Kiai merupakan pembimbing jasmani dan rohani. Pembimbing untuk segala hal, baik duniawi maupun ukhrowi. Dalam budaya pesantren, “manut kiai” wajib hukumnya tanpa terkecuali. Namun, pengaruh budaya barat dalam aspek pendidikan makin terasa. Hal ini sempat diperdebatkan oleh beberapa tokoh pendidikan seperti, Sutan Takdir Alisjahbana yang berpegang teguh dengan westernisnya dan Dr. Soetomo yang menjunjung tinggi tradisionalismenya.
Sutan Takdir mengkritisi pendapat Dr. Soetomo tentang pendidikan, bahwa pendidikan pesantren adalah pengajaran sempurna dan akan membawa kemajuan.
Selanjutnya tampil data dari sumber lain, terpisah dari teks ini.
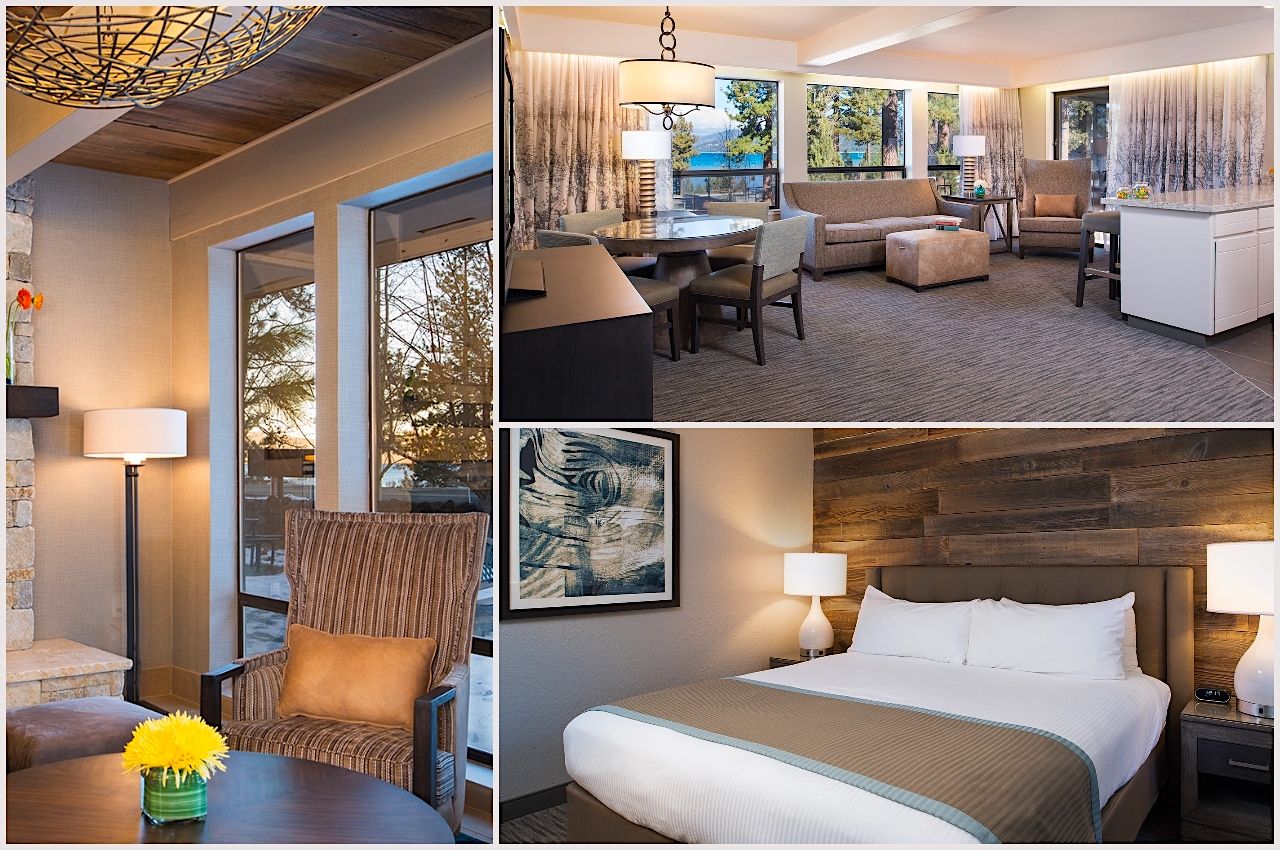 Photo collage of the suites at Lake Tahoe's Hotel Azure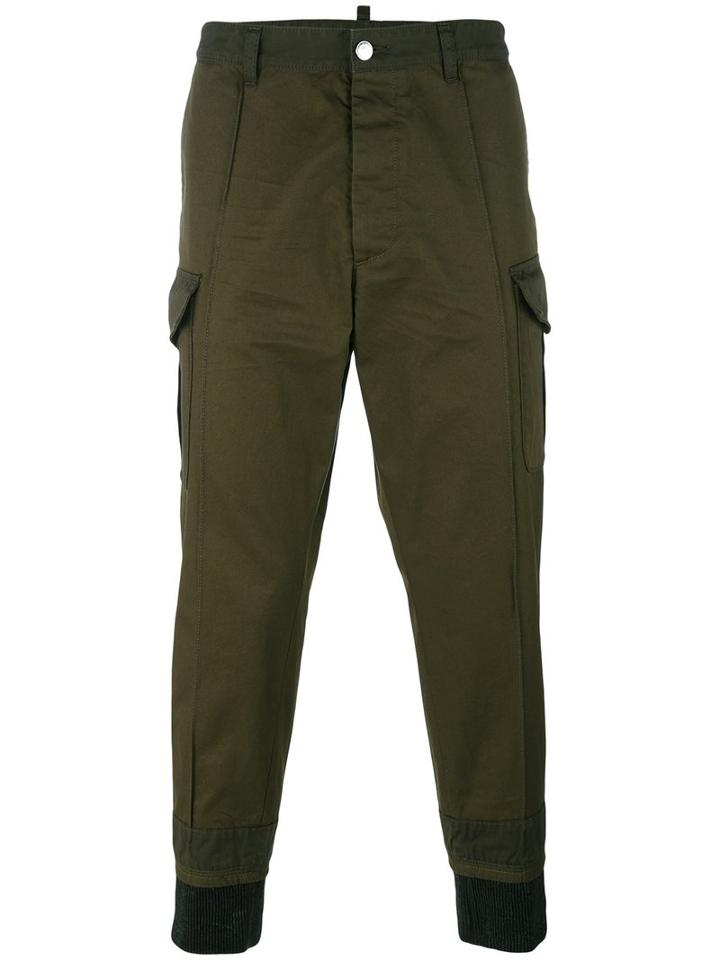 Dsquared2 Cropped Length Trousers, Men's, Size: 50, Green, Cotton/leather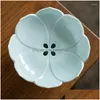 Dishes & Plates Plates Lotus Tall Feet Chinese Modern Drainable Relief Hollow Fruit Bowl Desktop Pastry Dishes Drop Delivery Home Gard Dhnic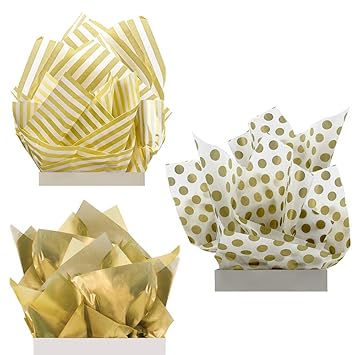 Uniqooo 60 Sheets Premium Metallic Goldstripespolka Dots Foil Gift Tissue Paper Wrapping Sheet Bulk20x26 Inch100 Recyclablefor Christmas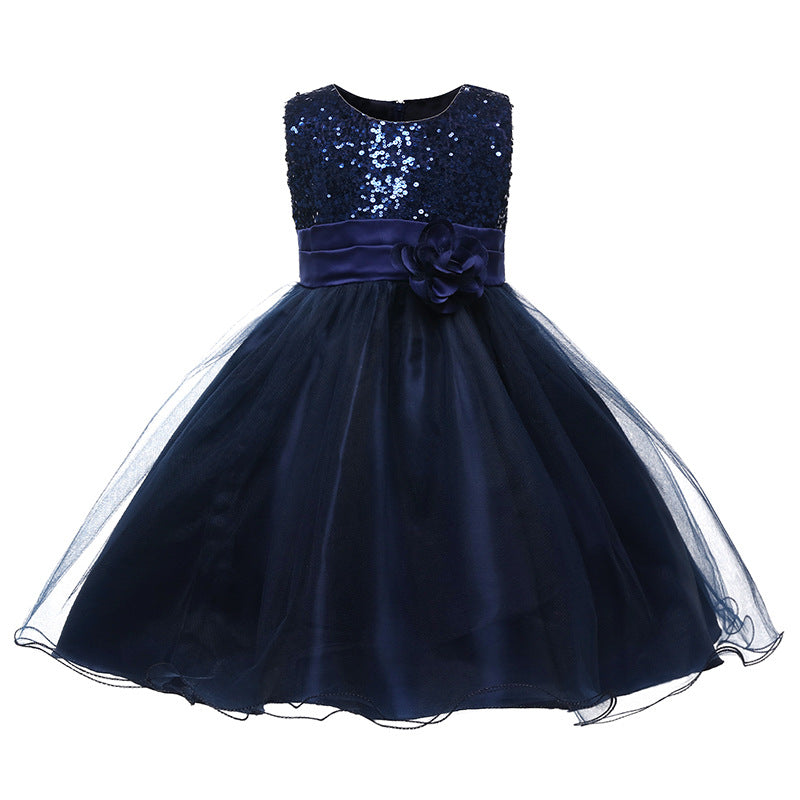Summer Sleeveless Sequined and Flower Tulle Princess Kids Girls Dress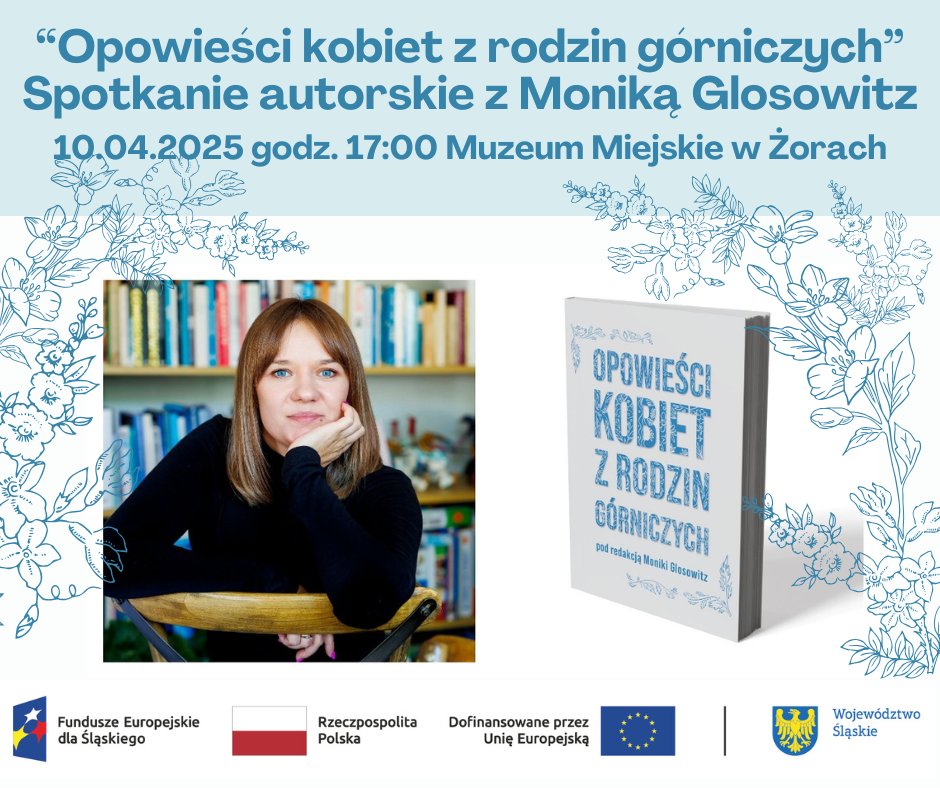 Grafika przedstawia zdjęcie Moniki Glosowitz oraz informacje zawarte w tekście na błękitnym tle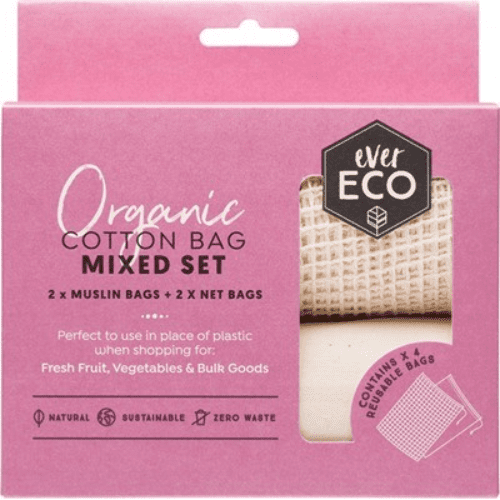 Reusable Produce Bags - Organic Cotton Mixed Set - 4 Pack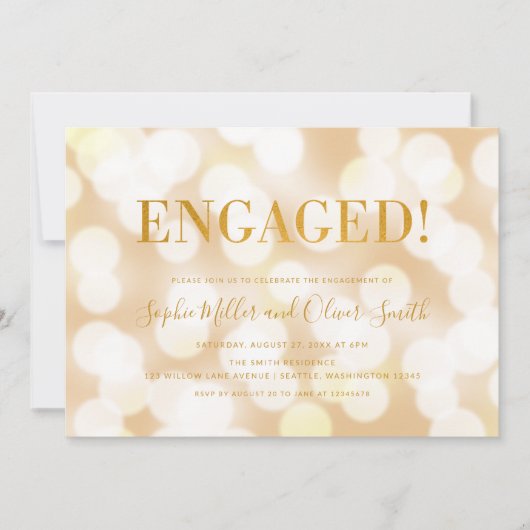 Champagne Bokeh Lights Imitats Gold Engagement Par Einladung (Vorderseite)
Sutan Takdir berpendapat, “didikan barat mengajarkan mereka (para santri) berpikir sendiri, mengajarkan mereka mengkritik dan membantah kiai, serta memberanikan mereka membuang segala adat dan tradisi yang mengikat kaki dan tangan bangsa kita untuk mulai berlomba dengan bangsa lain”. Pendapat yang kala itu begitu kontroversial. Perdebatan ini terjadi pada tahun 1935 sebelum Indonesia merdeka, beberapa tokoh sudah memikirkan mau dibawa ke mana budaya bangsa ini.
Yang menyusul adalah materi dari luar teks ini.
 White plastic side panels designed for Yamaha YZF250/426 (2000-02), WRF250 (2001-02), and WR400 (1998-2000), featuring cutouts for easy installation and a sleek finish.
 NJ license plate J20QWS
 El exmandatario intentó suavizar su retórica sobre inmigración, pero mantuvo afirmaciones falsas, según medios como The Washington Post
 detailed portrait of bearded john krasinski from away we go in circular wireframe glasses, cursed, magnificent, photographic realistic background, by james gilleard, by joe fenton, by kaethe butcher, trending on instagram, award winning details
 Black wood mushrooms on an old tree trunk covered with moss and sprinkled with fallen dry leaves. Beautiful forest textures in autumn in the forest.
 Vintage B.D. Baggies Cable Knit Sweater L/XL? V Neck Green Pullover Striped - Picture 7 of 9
Mereka memperdebatkan relevansi pendidikan pesantren untuk bangsa, di masa yang akan datang. Konsep-konsep pendidikan mana, yang harus dianut oleh bangsa Indonesia. Lambat laun, zaman menjawab perdebatan ini, terlihat begitu banyak budaya barat yang mempelopori konsep-konsep pendidikan di zaman setelahnya sampai sekarang.
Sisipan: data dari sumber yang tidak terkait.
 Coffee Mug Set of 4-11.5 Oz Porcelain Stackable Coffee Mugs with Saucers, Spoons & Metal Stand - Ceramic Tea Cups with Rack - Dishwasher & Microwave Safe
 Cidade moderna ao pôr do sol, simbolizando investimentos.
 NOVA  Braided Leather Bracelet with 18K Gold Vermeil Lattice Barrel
Sudah maklum kita pahami, bahwa kurikulum “manut kiai” sudah ada sejak zaman ulama salaf. Sampai saat ini pun, masih dipegang teguh oleh santri. Namun yang mengenaskan, di zaman sekarang hal semacam ini seakan makin pudar, terbawa zaman yang mengandalkan intelektualitas. Dengan dalih sudah bisa berpikir sendiri dan bisa membenarkan yang benar, para santri seakan lupa bahwa intuisi guru lebih tajam dari mereka. Padahal, Imam Az-Zarnuji sudah mengingatkan kita lewat kitab Ta’alim Muta’alim karangan beliau, bahwa kita tidak boleh melawan guru. Beliau juga menyarankan kita untuk memilih guru yang sesuai dengan jalan pikiran kita, agar tidak terjadi perselisihan pemikiran ketika belajar. Bukti kehati-hatian beliau, pada murid yang membantah gurunya.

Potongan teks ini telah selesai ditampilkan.